Tours are more than an onboarding tool
Engineering tours are not just meant for the onboarding phase of engineers’ careers, and we encourage everyone to go on tour with a different team at least once a year. Engineers have the chance to work across the organization, ensuring that we are continuously learning (and unlearning) different technologies and processes.
“It is critical to encourage and maintain ongoing and continuous learning”
On an individual level, this opportunity helps to keep engineers’ engaged by pushing them to expand their comfort zone and maintain a growth mindset. Engineers will also feel a great sense of reward by sharing the knowledge of what has worked with their team and also by bringing back new learnings.

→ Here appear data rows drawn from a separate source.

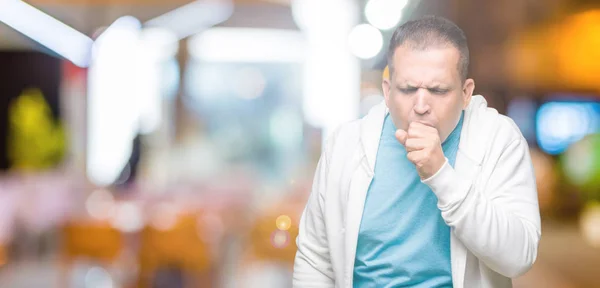 Hombre Árabe Mediana Edad Con Sudadera Sobre Fondo Aislado Sintiéndose — Foto de Stock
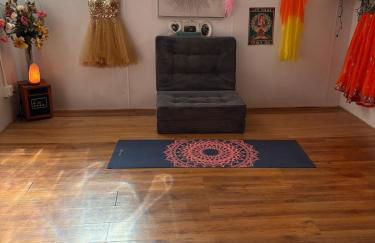 Tree House 6 bedrooms, 2 blocks from everything - Foto 42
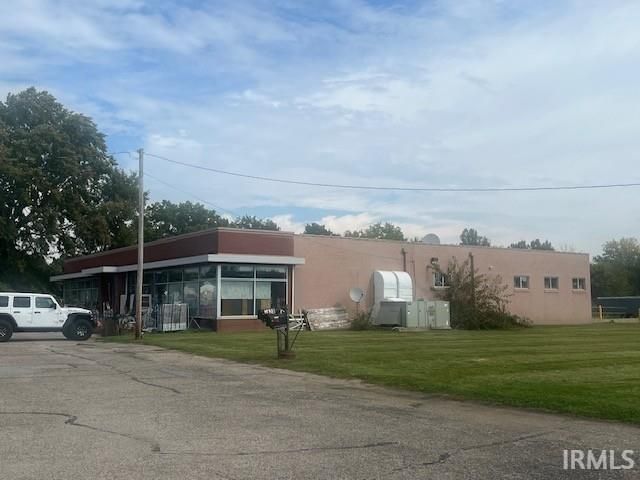 7628 Michigan Street, Plymouth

And those individual benefits compound on a company level. By promoting constant tours the organization sees the cumulative benefits of knowledge transfer, avoiding the dangers of silos and facilitating cross-team relationships that can pay dividends later on.
Tours are not just about code
While tours are great to help engineers familiarize with a different part of the code base, it’s important to note that engineering tours are not only about the code. The purpose of a tour is not just about building better product, but about building relationships.

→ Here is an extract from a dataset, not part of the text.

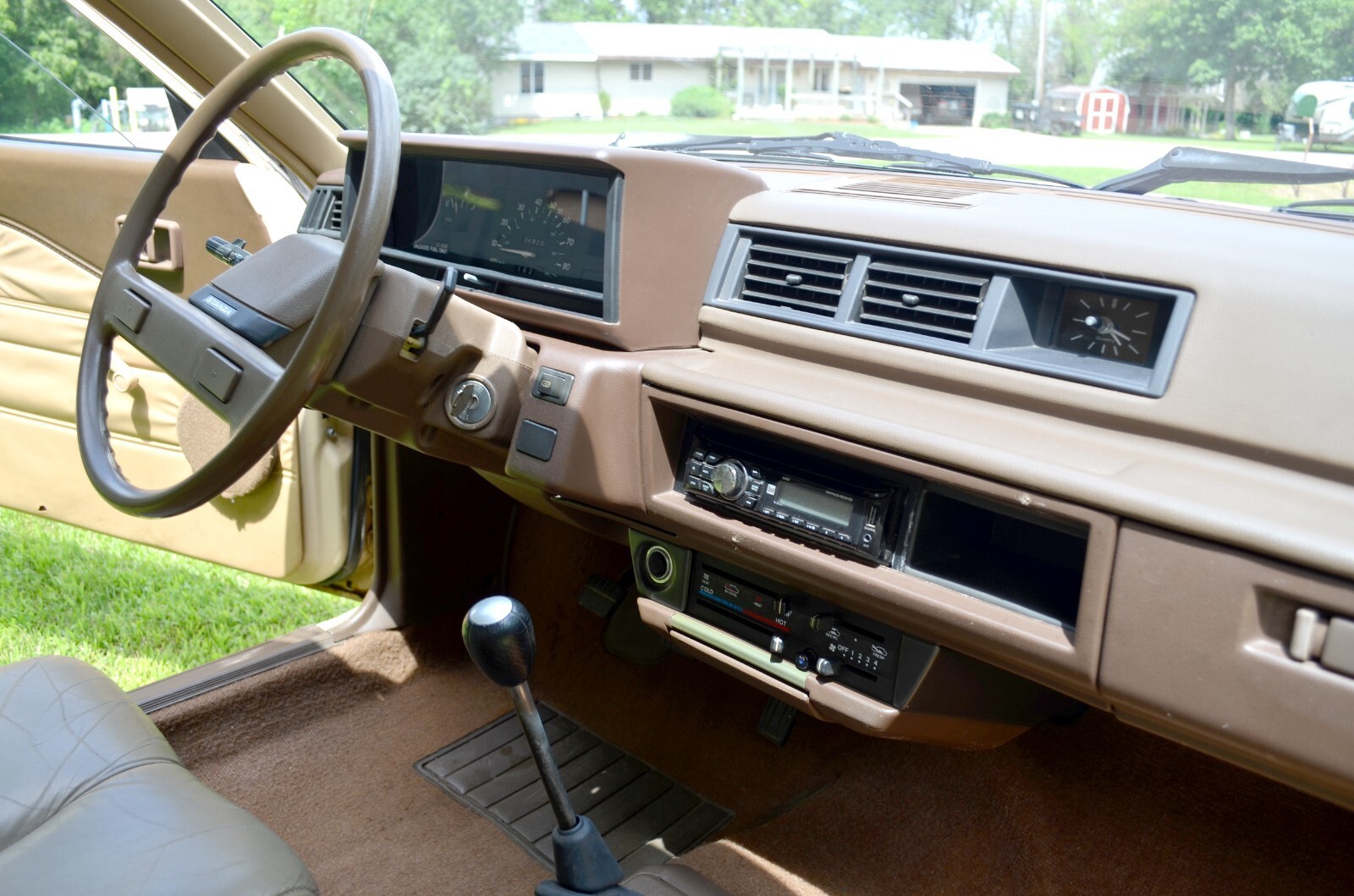 1983 Nissan Stanza - photo 12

Besides the advantage of having code reviews from a tour mentor and other team members, engineers on tour get to know the people on other teams. It’s by working with different teams in this way that you hear all the war stories behind the different features, how different pieces of the infrastructure were put together, who was behind different ingenious pieces of code. Above all, you get the chance to forge friendships across the engineering organization.
Tours maintain culture when you have multiple offices
As Intercom grows, we strive to keep our technical knowledge and engineering values shared across our offices. So we don’t limit engineering tours within a single office location, but allow engineers to temporarily tour in different offices. This has been especially helpful as we grow our Dublin, London and San Francisco offices.
“The purpose of a tour is not just about building better product, but about building relationships”
The concept of tours has been so successful at knowledge and culture sharing that it has spread beyond the engineering org to other teams in the company – for example, Customer Support Representatives have toured with IT, and people from the Admin team to the Marketing team. In this way, it’s proven to be a highly valuable part of our culture.
A few months ago, I completed another tour around my first year work anniversary. I had the opportunity to work with our brand new Messenger Framework. We added a feature to track when a messenger app has completed its purpose, for example, when someone has requested a demo using our messenger app. During this tour, I really enjoyed the feeling of learning from scratch how the new framework worked. But more than the technical challenge of adding a new feature, I enjoyed all the work that required tackling product ambiguity and reaching cross-team consensus on an implementation that could be used in future projects by others.
Our experience has proven the benefits of engineering tours, in terms of employee engagement, cultural health and the opportunity for ongoing challenge. It’s the sort of model that every engineering organization should try.